Apartheid has a lot to answer for in terms of education in South Africa

He continued: “I give a simple example to my students – if you were in the UK or the US and you’re a really good artisanal baker, you will be able to find a market, establish a business, you’ll get a decent revenue stream and you’ll do well. In South Africa it’s impossible, because the barriers to entry are really high. You try and do that and the large retailers lock you out very quickly. And that’s true across most areas.”

This is another remnant of apartheid rule that continues to reverberate throughout the economy. During that period, the South African economy was cut off from the rest of the world – a situation instigated by the ruling regime and cemented by economic sanctions. Shielded from international competition, with incentives given for the favoured few, certain companies were able to grow and expand, becoming giant conglomerates in an oligopolistic market structure.

This path sees business giants maintain first-mover advantage, thereby preventing SMEs from gaining a piece of the pie. Aside from the somewhat impossible competition, institutional inefficiencies that are exacerbated by labour regulations further dissuade foreign and domestic investors.

A new hope
South Africa has a long way to go, with numerous obstacles to overcome. But for the first time in a long time, there is hope – hope in a new president who has already begun dealing with the mess left behind by his predecessor.

“The president’s doing a good job,” Bhorat said. “He’s slowly changing the cabinet and he’s reorientating SOEs to get rid of corruption – I think in the short run, those are the challenges, but I think we’re on the right mark.”

Liberating SOEs from the clutches of corruption will see funds move back to the areas in which they were initially intended. Competitiveness in South Africa can be given the chance to improve once more. But within this space, it is vital to give enterprising individuals the chance of market entry – enabling them to compete freely will have untold consequences on the economy.

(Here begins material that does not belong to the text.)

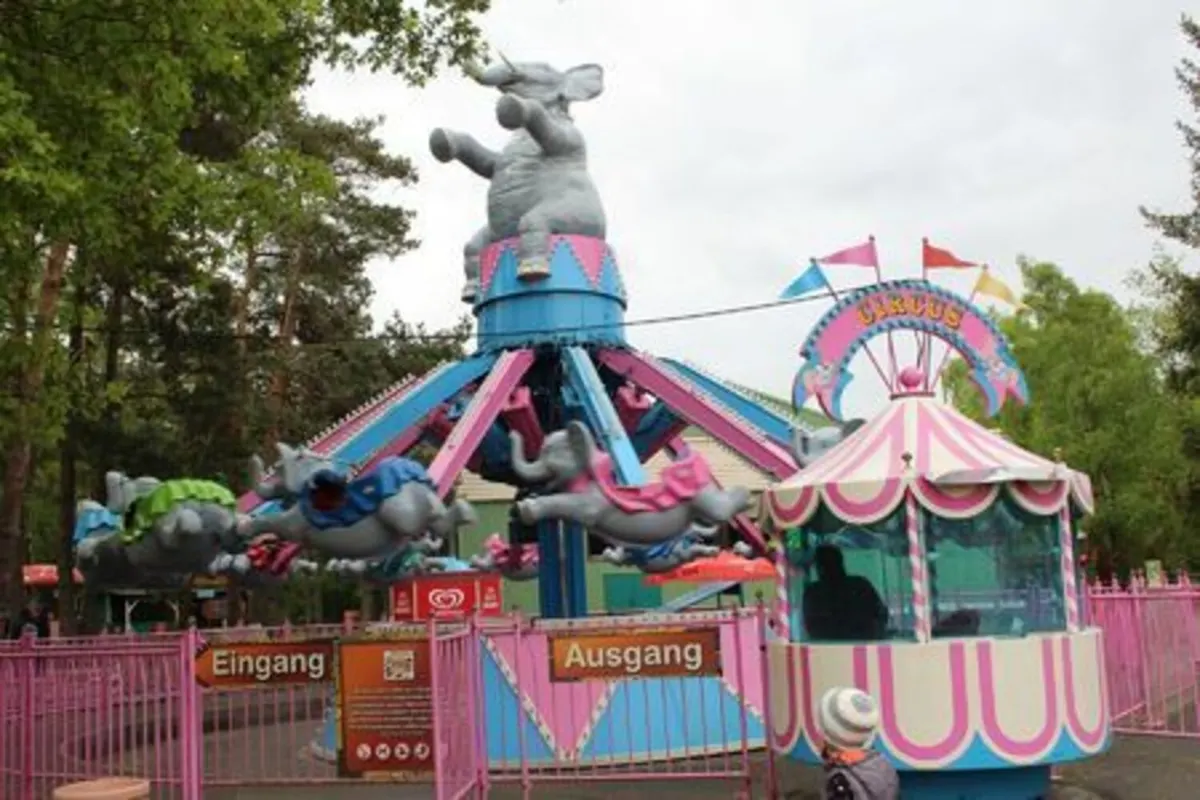Flying Elephant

In parallel, issues within the labour market and the education system must be addressed, corruption must be squashed, and teaching standards must be improved. Given that these could well be the underlying reasons behind South Africa’s incredible levels of inequality – and, subsequently, crime – the ripple effects of doing so could positively spread to every corner of this diverse country. South Africa’s past has been brutal and its present remains difficult, but there is still a chance to see the fair and fruitful future promised to the rainbow nation when apartheid ended in 1994.